Just a couple of items. Maybe more later.
Don’t forget Lara Croft Archaeology awareness month aims to change public perceptions
Karen Poulson knows the word archaeology conjures up images of ancient Egypt, temples and Indiana Jones.
She’s hoping to change that perception during September, Illinois Archaeology Awareness Month.
“Some of the most important discoveries about the past are here in Illinois. You really don’t have to go to a foreign country or the Southwest or the seat of the birth of our nation to find exciting archaeological sites,” said Poulson, who chairs the awareness month committee.
And along those lines. . . . ‘Archaeology Days’ teach Cahokian culture, science
The smell of wood-fire smoke filled the air at Cahokia Mounds as the sound of a stone ax chopping into a log mingled with the laughter of children throwing sticks at rolling stones.
For a moment, it was almost like stepping back in time more than a thousand years to experience what life was like for the Cahokia Indians, and visitors to the second Cahokia Mounds Archaeology Days had the chance on Saturday to experience some of the things the ancient people might have done during the hazy days of summer.
A nearly 28-(m)-million-dollar riverfront project in Memphis might have to wait while a closer look is done at the city’s riverboating past.

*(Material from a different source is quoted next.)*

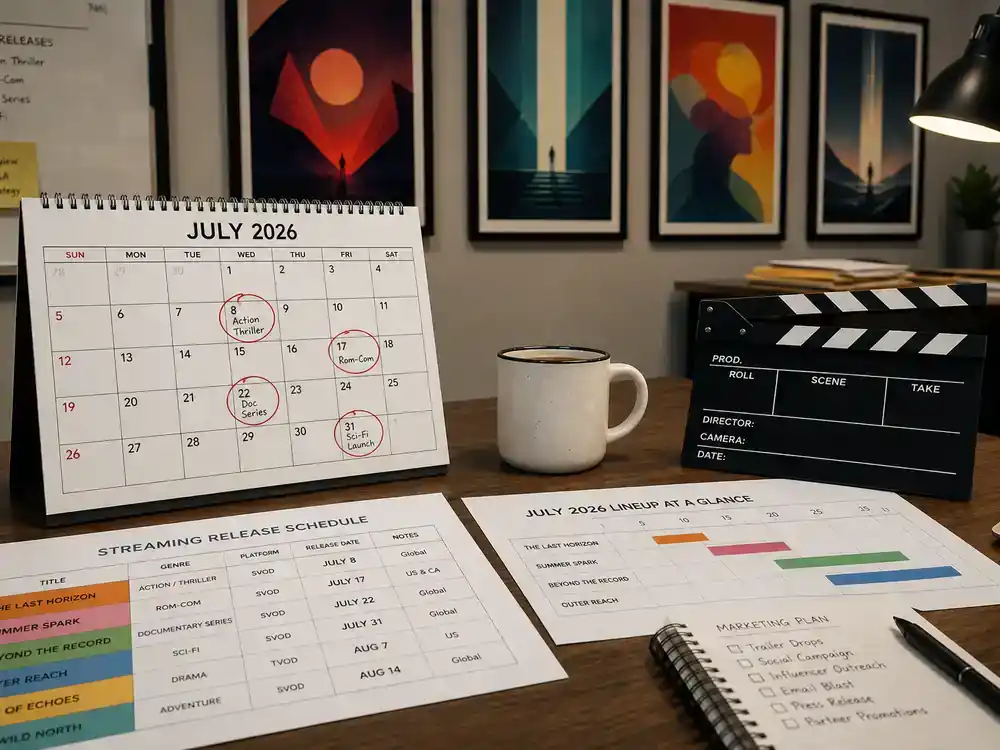 Prime Video new movies July 2026 release calendar — distribution desk with July 2026 schedule printouts and clapperboard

Workers expected to begin driving piles this fall for the Beale Street Landing project. But when cobblestones were pried up in a 1994 survey, a preservationist who helped conduct it says all kinds of refuse and artifacts were there — most of them preserved because they were waterlogged.
Guy Weaver heads a cultural resources management firm. He says the site of the new project covers a potential treasure of information about the city’s steamboat days.
Rows and rows of dusty animal skulls adorn the walls of the Oklahoma Archaeological Survey, but one skull will make its television debut at 8 p.m. on the PBS show “History Detectives.”
OU archaeologist Leland Bement said this 5,000-year-old bison skull and a spearhead embedded in it represent the missing evolutionary link between two species and a wealth of information about an ancient people.
The show will focus on the effort to prove the authenticity of the skull, depicting a historical mystery solved by high-tech scientific sleuths.
This is kind of a nice show the few times we’ve seen it.